The respondent was negligent, if not reckless, in the way the Willick checks were handled. There is ample evidence in the record to support the Hearing Panel’s findings that respondent committed disciplinary violations. The manner in which the checks were drawn made it absolutely plain that they were to be deposited only in a trust account. There was no justification for accepting Psomiadis’ conflicting instructions and for not contacting Dr. Willick concerning them.

On the issue of sanction, this Court has consistently held that where attorneys misappropriated client or third-party funds without intending to deprive anyone of them permanently, suspension is an appropriate sanction. (See, Matter of Anderson, 168 AD2d 59; Matter of Altomerianos, 160 AD2d 96; Matter of Altschuler, 139 AD2d 311.)

In imposing sanction in this case, we consider several mitigating factors. The respondent has an otherwise unblemished disciplinary record in 35 years of practice. The violation occurred as the result of negligence, not willfulness. The respondent did not personally profit from the violation in any way. There was evidence in the record of good works performed by the respondent.

Accordingly, the petition of the Departmental Disciplinary Committee is granted; the Hearing Panel’s findings of fact and conclusions of law are confirmed; its recommended sanction is disaffirmed; the respondent’s cross motion is denied; and the respondent is suspended from the practice of law for a period of six months, effective 30 days after the date of this order; and the respondent is directed to sit for the Multi-state Professional Responsibilities Examination given next after the entry of this order and to supply evidence of a passing grade before this suspension may be lifted.

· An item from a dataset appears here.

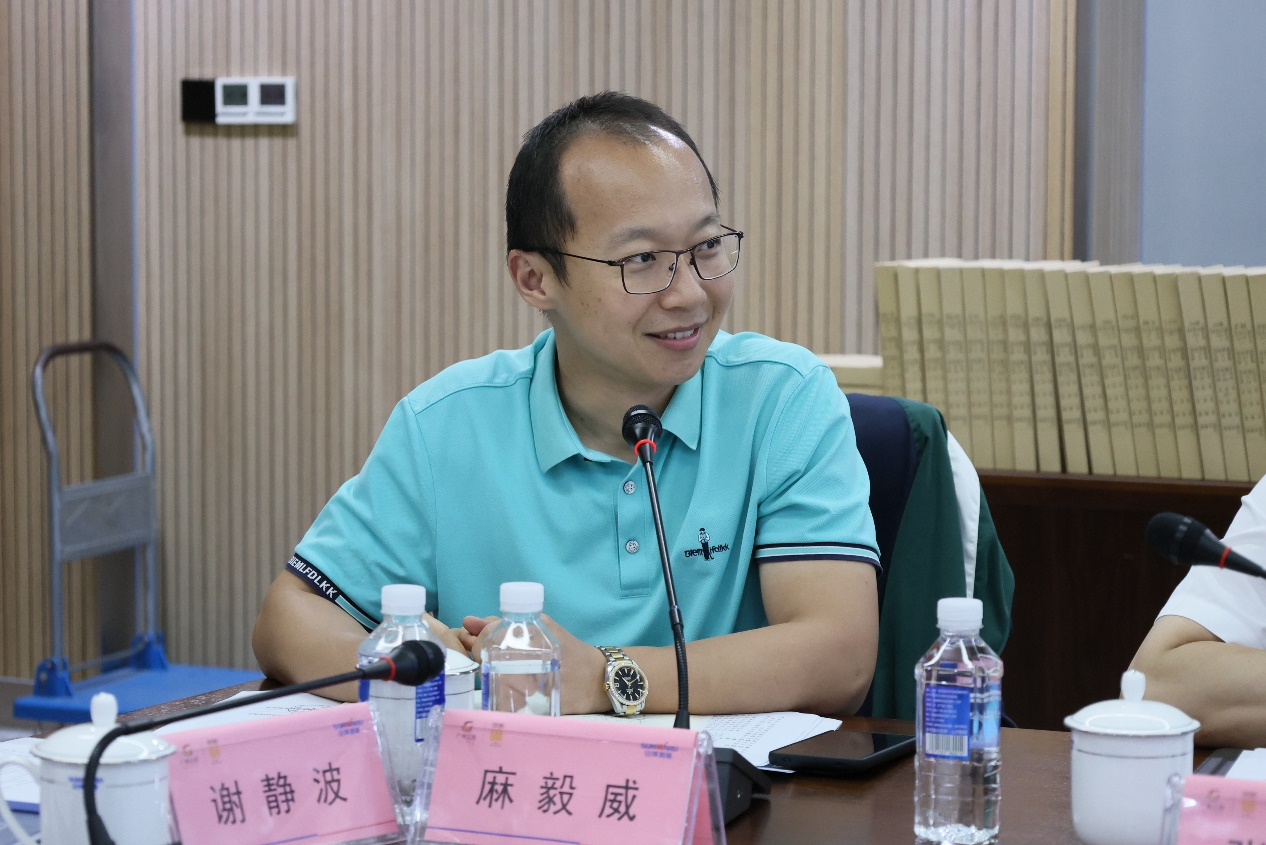 祝贺！米兰网址智能省十大技术攻关项目顺利验收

Sullivan, J. P., Rosenberger, Ross, Asch and Tom, JJ., concur.

Petition granted, the Hearing Panel’s findings of fact and conclusions of law confirmed, the Panel’s recommendation as to sanction disaffirmed, the cross motion denied and respondent suspended as an attorney and counselor-at-law in the State of New York for a period of six months, effective January 2, 1996, and until the further order of this Court.